-------- Provided data --------

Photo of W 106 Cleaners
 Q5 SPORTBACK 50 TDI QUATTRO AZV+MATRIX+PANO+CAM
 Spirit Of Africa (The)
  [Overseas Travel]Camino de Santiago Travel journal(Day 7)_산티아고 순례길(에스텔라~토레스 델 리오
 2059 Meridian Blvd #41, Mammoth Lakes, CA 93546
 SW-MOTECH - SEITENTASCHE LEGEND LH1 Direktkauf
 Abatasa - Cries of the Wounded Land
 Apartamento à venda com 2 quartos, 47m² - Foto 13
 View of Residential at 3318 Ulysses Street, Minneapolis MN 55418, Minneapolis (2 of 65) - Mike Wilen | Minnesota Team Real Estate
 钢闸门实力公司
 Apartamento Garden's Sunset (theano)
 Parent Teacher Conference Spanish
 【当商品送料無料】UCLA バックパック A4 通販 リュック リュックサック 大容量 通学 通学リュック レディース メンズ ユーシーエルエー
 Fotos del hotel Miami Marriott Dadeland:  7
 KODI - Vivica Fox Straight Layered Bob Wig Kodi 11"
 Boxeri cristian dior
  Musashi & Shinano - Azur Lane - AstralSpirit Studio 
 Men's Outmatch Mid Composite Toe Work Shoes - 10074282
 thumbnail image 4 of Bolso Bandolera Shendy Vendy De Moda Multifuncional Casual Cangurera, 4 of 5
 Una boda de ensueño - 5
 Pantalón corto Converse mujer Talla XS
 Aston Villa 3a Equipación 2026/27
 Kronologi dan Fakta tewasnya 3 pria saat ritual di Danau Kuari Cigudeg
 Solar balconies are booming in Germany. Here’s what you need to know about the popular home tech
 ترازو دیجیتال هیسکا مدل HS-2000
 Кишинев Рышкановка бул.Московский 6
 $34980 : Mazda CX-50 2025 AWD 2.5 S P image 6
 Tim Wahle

--------

Exercise description:
Count up the lines of the listing where "image" occurs, and answer with that number only.

Exercise answer:
2